Attendees were warned to discontinue their involvement. Those who continued attending there were finally excommunicated. Limerick Sunday school was closed. All persons who were put out of church were to confess that they had sinned in order to be  reinstated. Some would only confess they had disobeyed a conference decree. I still remember that chilly morning when the little Bishop with the cold sharp eyes came driving up our lane in his boxlike Model-T Ford. I think it was the time he had come to tell my parents that the people who kept on attending Limerick after they were told to stop were going to be put out of the church. And that included my parents. The people who went through this experience were deeply hurt.

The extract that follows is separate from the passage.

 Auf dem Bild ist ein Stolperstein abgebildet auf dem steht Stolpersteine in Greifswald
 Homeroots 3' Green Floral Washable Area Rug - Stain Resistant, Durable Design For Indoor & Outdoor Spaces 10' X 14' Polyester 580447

This takes me back to Ellingsen and the gospel of grace. One could underscore the shadows of Lutheranism. One could claim, as I’ve heard Mennonites do and sometimes done myself, that Lutheranism purveys a cheap grace. One could suggest, and I see some value in this, that those who wrap their commitments around faithfully following Jesus, often rooted in the Gospels, may experience formation complementary to that of those who particularly celebrate sola fide and sola gratia, frequently rooted in Pauline epistles.

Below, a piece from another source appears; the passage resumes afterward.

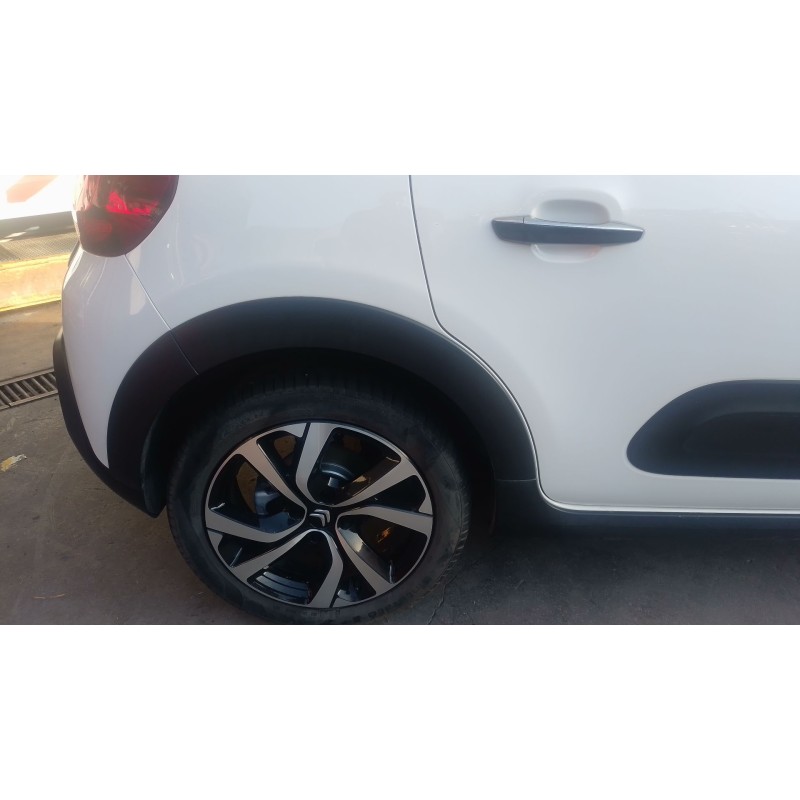 Recambio de aletin trasero derecho para citroën c3 iii (sx) 1.5 bluehdi 100 (sxyhyp, sxyhtu) referencia OEM IAM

But after 500 years, Lutherans have asked forgiveness for persecuting Anabaptists. Ellingsen underscores that there is an ethical component to Luther, who believes “you only sin bravely when you do not give into concupiscence, when you boldly live a sacrificial, sin-denying life (live your baptism), but do so with the awareness that even then you are still sinning, that all good done is a function of God working in and through you (Complete Sermons, Vol.4, p.367).” And Ellingsen paints moving word pictures of the gifts of grace:

When you live in a family, with a lover whose love works on you, the loved one does not have to tell you what to do to please him/her.  You just sort of know.  True human love is spontaneous.  Imagine then what God’s love can do to you.  In fact, when you are in love (fall in love – note the passivity) it is like an ecstatic experience.  You lose yourself.  Should we not expect it to be that way in the arms of Jesus?  This is another reason why Lutherans claim that there is no need to teach Christians how to follow Jesus.  It will just happen spontaneously when you are living with Jesus. 

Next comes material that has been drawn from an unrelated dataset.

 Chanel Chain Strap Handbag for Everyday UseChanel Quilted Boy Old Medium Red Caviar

Here I still want the Mennonite formation that says human commitments are never fully whole so that, like couples who may not always feel love but want to receive and offer it nevertheless, we need teachings and a community that create disciplines of right living—whether or not these spontaneously emerge. On the other hand, how those Limerick Mennonites yearned for a more ecstatic church than the one offered by the cold-eyed bishop. How importantly Lutheranism, drawing on the Pietistic strand Ellingsen embraces, reminds us that with

awareness that everything we do is a sin, it follows that the best Christians can be is simul iustus et peccator (100% saint and 100% sinner) (Romans 7:14-18; Luther’s Works, Vol.32, p.111; Ibid., Vol.27, p.230).    This is a freeing insight, as it entails the awareness that we are loved by God, even despite all our sin and selfishness.

And how helpfully we can collaborate on the Way. As von Schlacta sees it,

The Anabaptists were part of the Reformation and shared basic convictions with Lutherans and Reformed. Yes, sola gratia means we do not attain salvation through works. But living the faith was important for all. The Anabaptists called this discipleship. For Luther it was “new obedience.”

Perhaps together, then, amid grace and forgiveness for the sins evident in both (and all) traditions, we can say a celebratory yes when Ellingsen asks, “Can the rest of the catholic tradition also embrace the freedom, spontaneity, and fun which Lutherans often associate with following Jesus?”